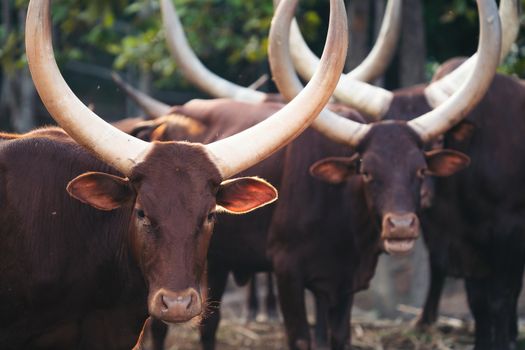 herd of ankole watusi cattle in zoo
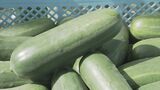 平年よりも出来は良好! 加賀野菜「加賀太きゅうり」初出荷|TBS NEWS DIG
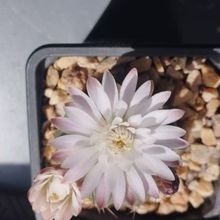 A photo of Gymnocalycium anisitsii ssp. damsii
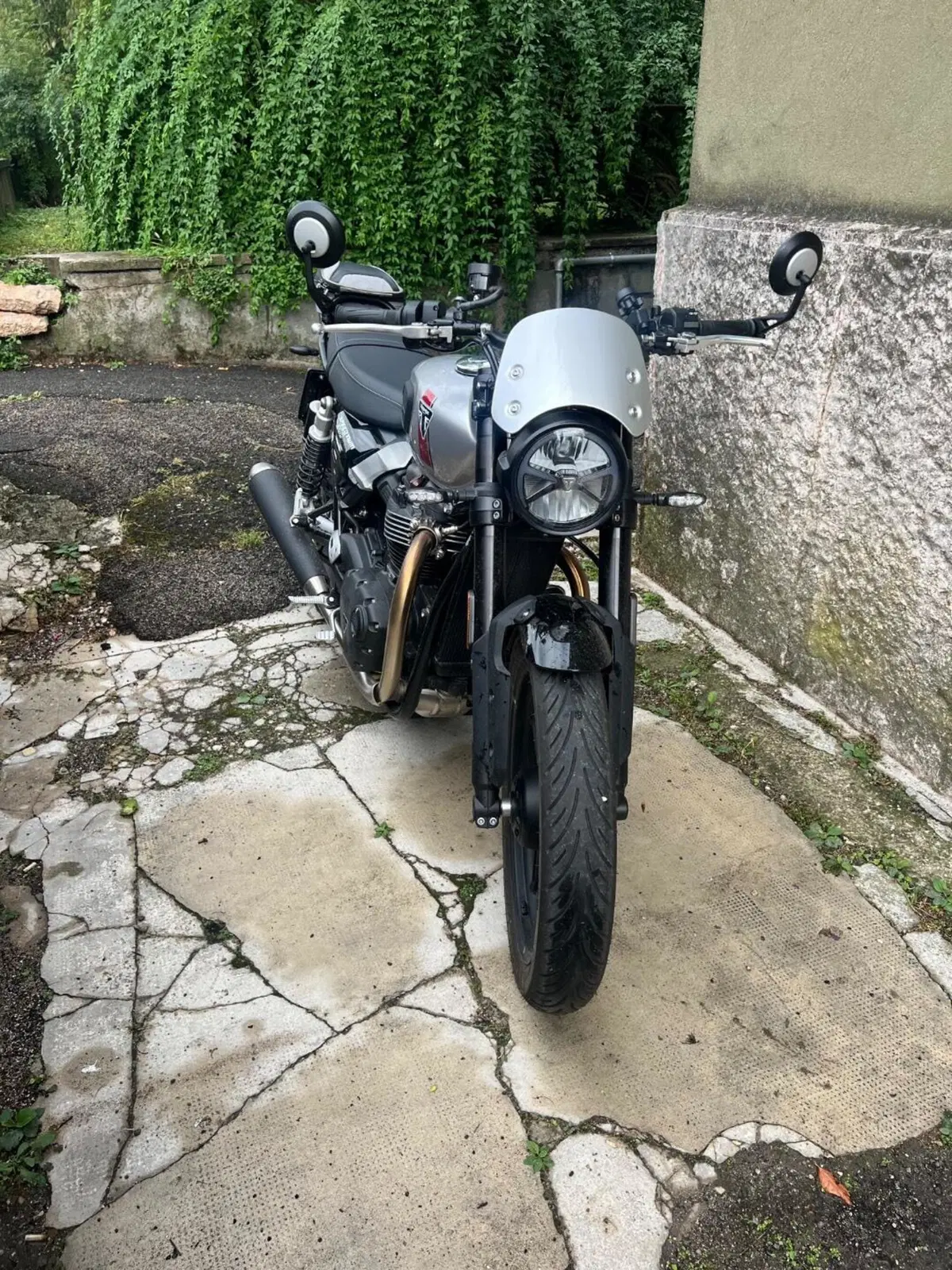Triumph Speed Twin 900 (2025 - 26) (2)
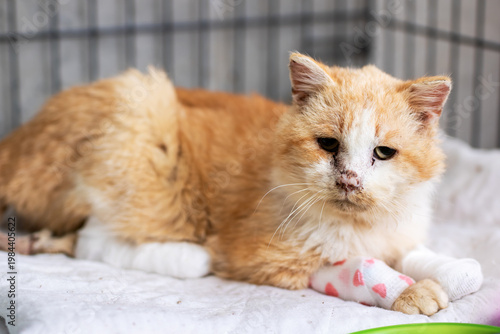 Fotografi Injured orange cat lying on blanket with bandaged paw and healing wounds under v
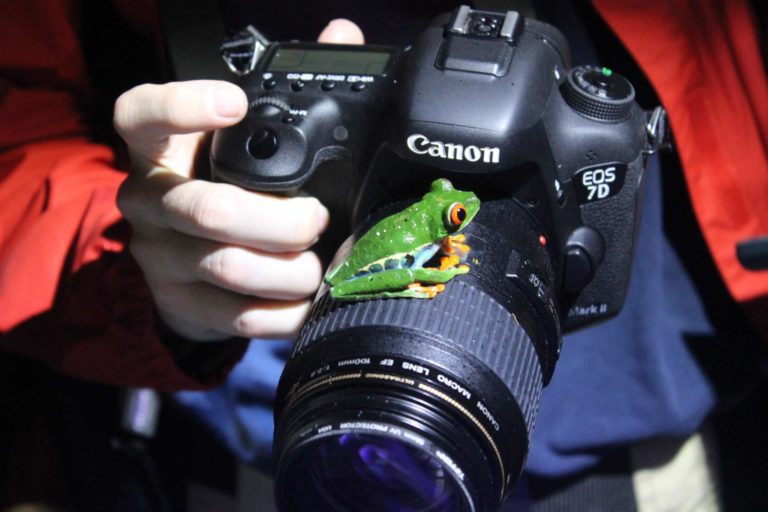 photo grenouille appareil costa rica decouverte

■ ■ ■

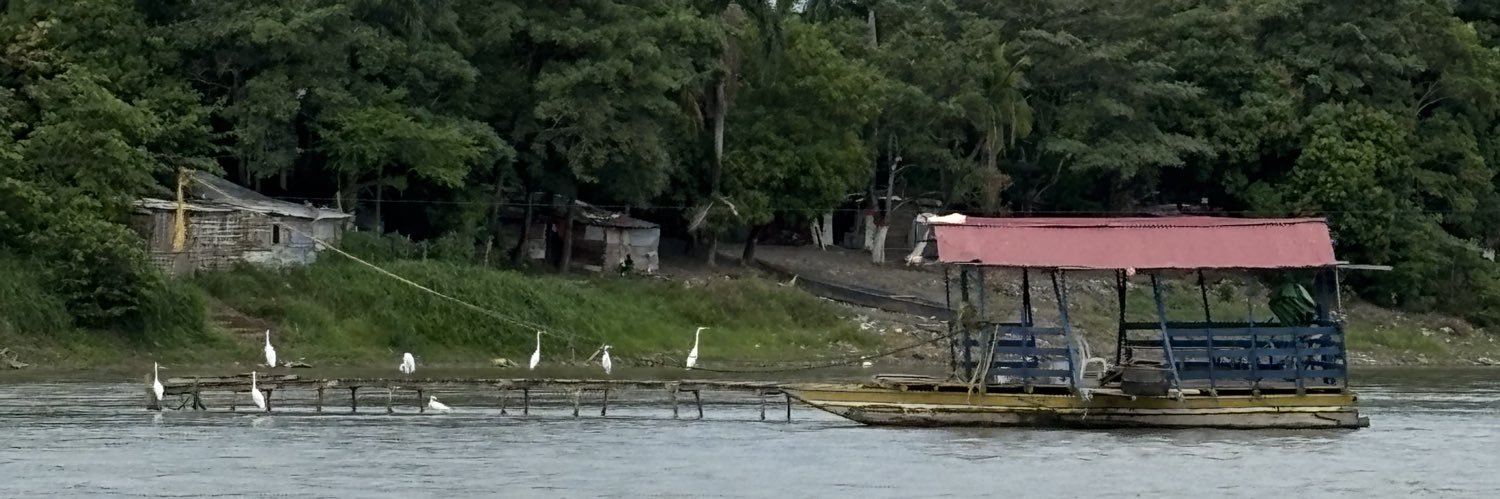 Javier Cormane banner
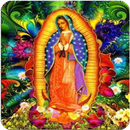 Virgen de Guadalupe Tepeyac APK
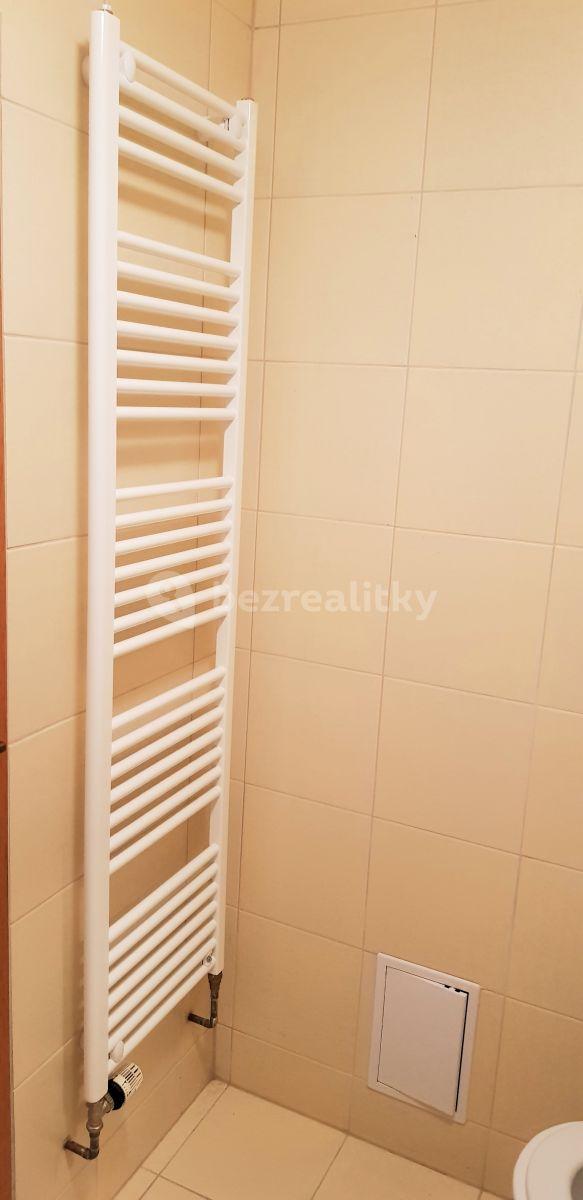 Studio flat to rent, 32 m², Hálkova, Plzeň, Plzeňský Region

■ ■ ■

Instructions to follow: Output only the lines above from the line that holds "herd of ankole watusi cattle in zoo" through the line that holds "photo grenouille appareil", both ends included, and exclude pictures.

Output below:
 herd of ankole watusi cattle in zoo
 平年よりも出来は良好! 加賀野菜「加賀太きゅうり」初出荷|TBS NEWS DIG
 A photo of Gymnocalycium anisitsii ssp. damsii
Triumph Speed Twin 900 (2025 - 26) (2)
 Fotografi Injured orange cat lying on blanket with bandaged paw and healing wounds under v
 photo grenouille appareil costa rica decouverte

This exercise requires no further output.